In October 2016, the Department of Justice and the Federal Trade Commission jointly issued guidance for human resources professionals that provided general guidelines illustrating how the antitrust laws apply to employee hiring practices (the “2016 Guidance”).1 The 2016 Guidance advised against entering into “no-poach” agreements under which companies agree not to solicit or hire employees from other companies that are party to the agreement. It also reaffirmed traditional prohibitions against agreements between companies about employee salaries, benefits or other terms of employment. But it went further. In a break with prior DOJ practice, the 2016 Guidance announced for the first time that DOJ “intends to proceed criminally against naked wage-fixing or no-poaching agreements.” (emphasis added).2 “Naked” agreements of this type are ones that are not tied to any legitimate collaboration or joint venture between the companies.
Prior to the issuance of the 2016 Guidance, DOJ and the FTC had been active in the civil enforcement space on these issues.
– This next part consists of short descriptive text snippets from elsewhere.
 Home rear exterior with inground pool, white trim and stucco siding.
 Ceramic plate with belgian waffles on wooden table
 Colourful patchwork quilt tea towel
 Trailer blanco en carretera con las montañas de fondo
Most recently, DOJ brought civil enforcement actions against groups of technology companies that had entered into no-poach pacts that included, among other things, agreements not to cold-call each other’s employees. Three of these cases (against eBay and Intuit;3 Lucasfilm and Pixar4; and a group consisting of Adobe, Apple, Google, Intuit, and Pixar5) were ultimately resolved via consent judgments against the subject companies.
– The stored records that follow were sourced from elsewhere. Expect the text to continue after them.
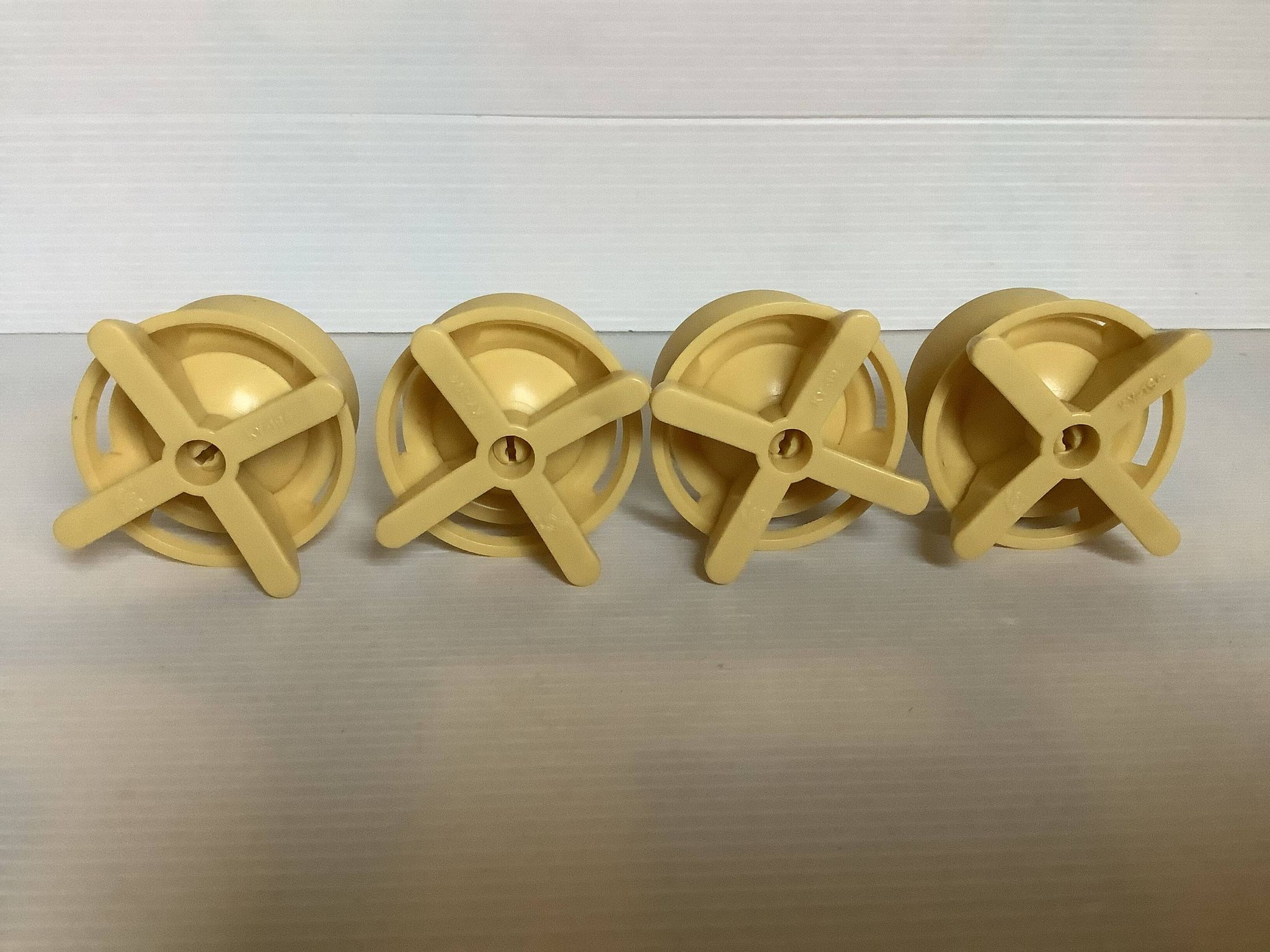 Quatre coquetiers rotatifs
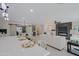 Kitchen island with seating opens into a living room with fireplace and dining area at 13229 W Marble Dr, Sun City West, AZ 85375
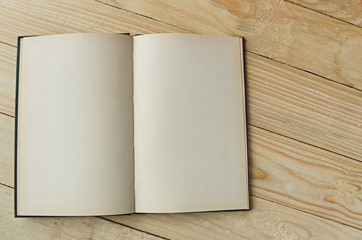 blank paper on wooden table background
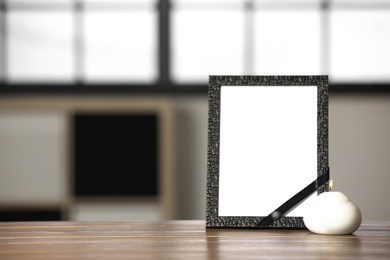 Photo of Funeral photo frame with black ribbon and candle on wooden table indoors. Space for design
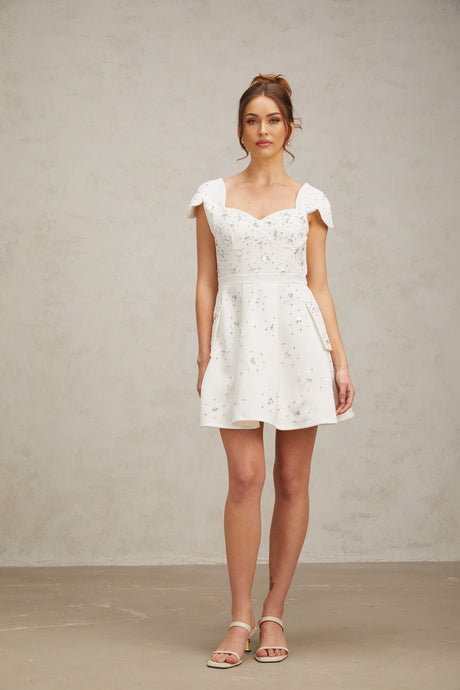Woman wearing a short white dress with flared skirt and embellished details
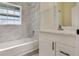 Updated bathroom featuring a tub with shower and a vanity with a stylish countertop at 1065 Universal Rest Pl, Kissimmee, FL 34744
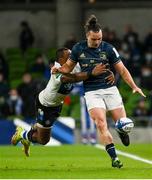 11 December 2021; James Lowe of Leinster is tackled by Semesa Rokoduguni of Bath during the Heineken Champions Cup Pool A match between Leinster and Bath at Aviva Stadium in Dublin. Photo by Harry Murphy/Sportsfile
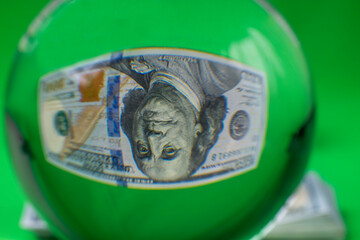 Close up view of crystal ball with inverted image of 100 dollars bill. Sweden.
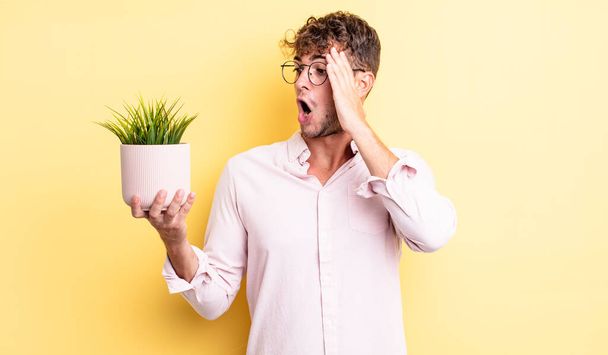young handsome man feeling happy, excited and surprised. decorative plant concept - Photo, Image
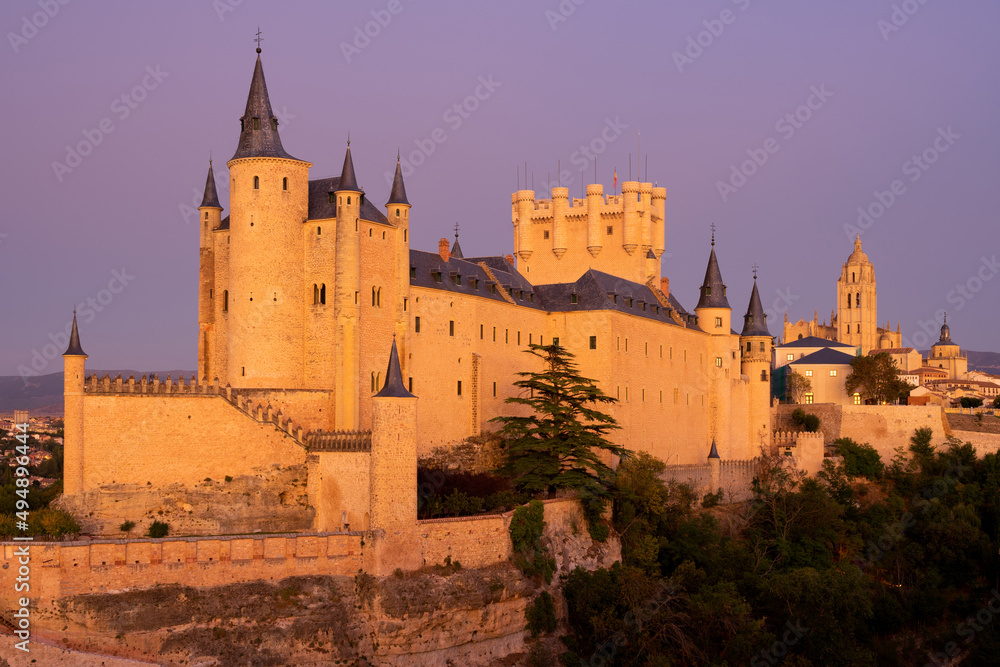 View of the Alcazar fortress and St Mary cathedral of segovia with alpenglow in the background, listed world Heritage centre by UNESCO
Recent developments confirm that the Trump Administration will continue this policy. In a September 2017 speech, Acting Assistant Attorney General Andrew Finch directly addressed the 2016 Guidance.6 He went on to caution that companies “should be on notice that a business across the street from them—or, for that matter, across the country—might not be a competitor in the sale of any product or service, but it might still be a competitor for certain types of employees such that a naked no-poaching agreement, or wage-fixing agreement, between them” would be a “per se” violation of the antitrust laws.7
Delrahim’s recent statement, notably, is the first to signal imminent criminal charges relating to no-poach agreements, and it further underscores DOJ’s continued commitment to the principles announced in the 2016 Guidance. In addition to noting that he has “been shocked” at the prevalence of no-poach agreements, Delrahim pointed to the October 2016 guidance as a key marker: if no-poach activity existed prior to the issuance of the guidance and has continued, he said, DOJ will likely treat it as a criminal violation. He also flagged that if the technology companies who were subject to civil enforcement actions have not complied with the judgments in those cases, they may now be subject to criminal enforcement actions.
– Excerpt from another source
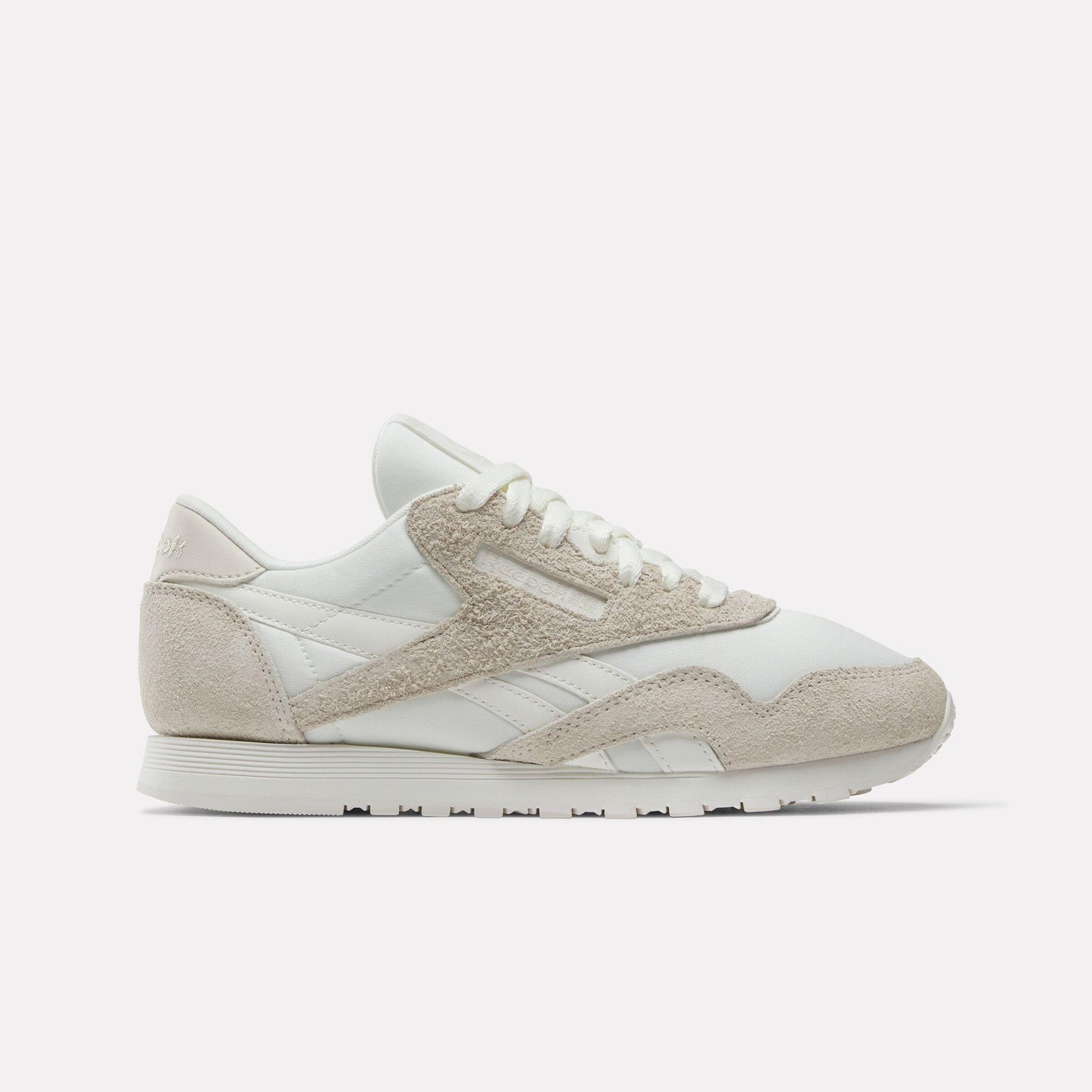 Off-white sneaker with textured suede overlays and off-white laces.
While Delrahim’s remarks are not necessarily surprising in the wake of the 2016 Guidance or the traditional understanding that a per se violation of the antitrust laws could be charged criminally, they serve as a wake-up call to all employers that DOJ is following through on the commitments in that Obama-era document. The Antitrust Division is plainly in the midst of active investigations of no-poach agreements and appears likely to expand its enforcement reach in the area by charging this conduct criminally in coming months. Companies and individuals potentially implicated in such investigations should carefully consider their position in assessing whether, for example, to self-report under the Antitrust Division’s leniency program and how promptly to terminate conduct that the Antitrust Division increasingly regards as equivalent to a hard-core antitrust offense.